The White Flower Hall at the Mann School fosters learning, engagement and growth. Educational Institutions have shifted from being dull and dreary to breaking new grounds with an aim towards learning in a welcoming and uplifting environment. The Girls’ hostel at The Mann School structures around the importance of providing facilities to foster learning and development at a home-away-from-home. Built within the existing school complex in Delhi, the hostel is designed by Envisage, co-founded by Meena Murthy Kakkar and Vishal Kakkar. The hostel block caters to girls of grade 1-12 with a safe environment, functional requirements and a myriad of outdoor spaces.
The age of the users play an essential role in any architectural project. Meena and Vishal express “As a child, a space needs to excite and constantly engage with them, while as an adult, a space needs to calm one down and provide a respite to the heavy mental activity within.” Acknowledging the sensitivity of children, the architects designed the hostel block to accommodate an increasing number of students and their requirements.
Design Concept and Site Context
The design positions the hostel between the executive block and the senior academic wing. “The crucial part of design is its surrounding context and the decision to take it forward or break away from it. Followed by the extent of deviation to ensure a balance with the vignette around” says Meena and Vishal. Sustaining the existing campus colour scheme of red and grey, brick became the material of choice for the facade, to blend the new building seamlessly with its surroundings. The colours of the elevation, counter and compliment each other. The lush greenery in the front extends over the building to minimise the visual impact of the building on the site. Hence, the design team installed metal jaalis on the facade to enable climbers to grow over the same.
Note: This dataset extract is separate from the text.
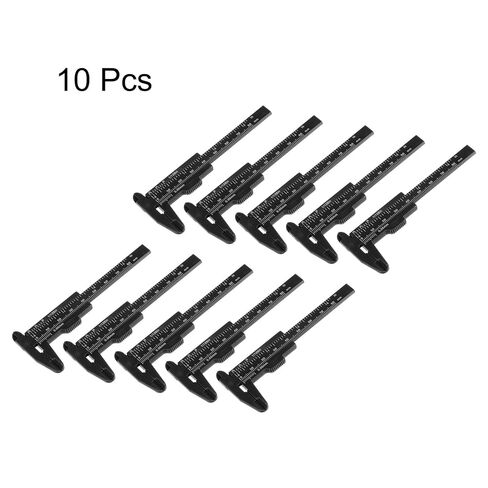 10pcs Mini Plastic Vernier Caliper 80mm/3 Inch Double Scale Metric Inch Sliding Gauge Measuring Tool Ruler for Inside Outside Depth Measuring, Black in Saudi Arabia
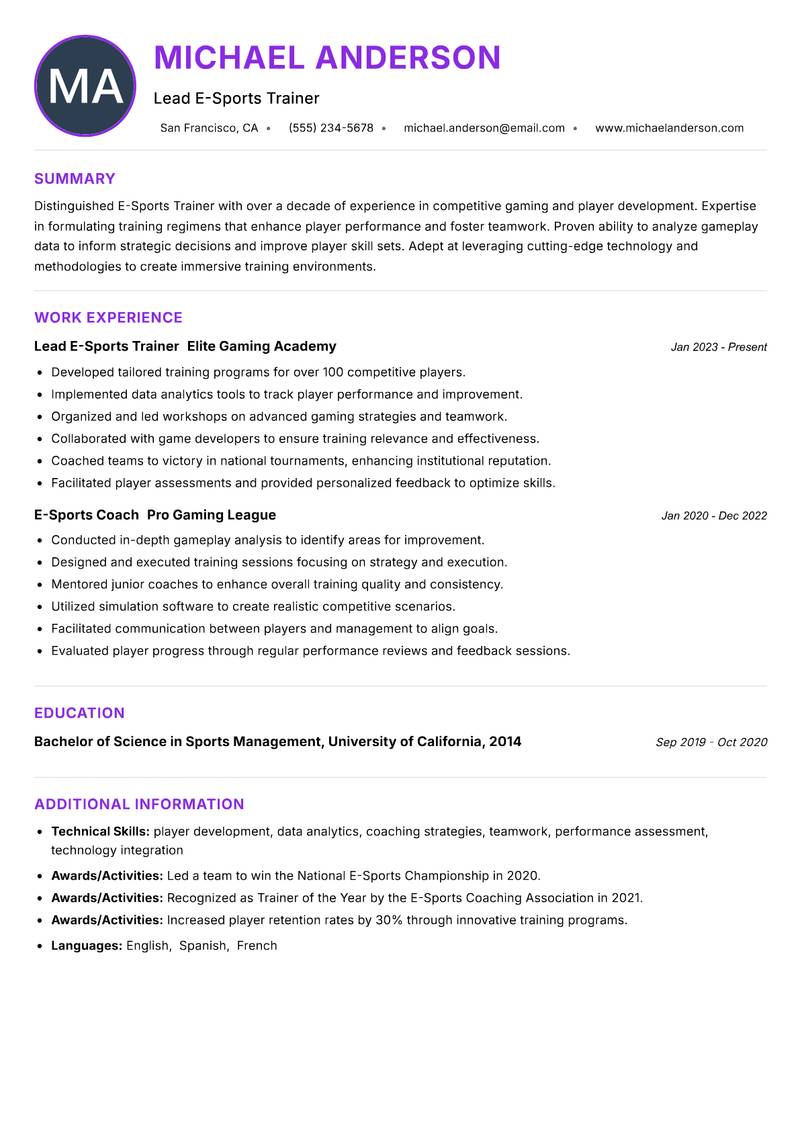 E-Sports Trainer resume example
The hostel building houses dormitories for grade 1-12, a study hall, and common recreational areas like a games and television room, a computer room, and a salon. The design prioritises outdoor spaces like gardens, terraces and green pockets within the block. Envisage planned residential facilities for younger students (grade 1-4) on the ground floor to ensure safety. The dining area, parent’s lounge, and recreational spaces like the indoor play area are also located on the ground floor. The first and second floors are occupied by dormitories for older students with individual beds and study areas. The dormitory design ensures optimal ingress of daylight and ventilation for each child with windows along the custom-designed bunk beds. The design positions the infirmary and the salon on the first floor, making the hostel self-sufficient.
The hostel block caters to girls of grade 1-12 with a safe environment, functional requirements and a myriad of outdoor spaces.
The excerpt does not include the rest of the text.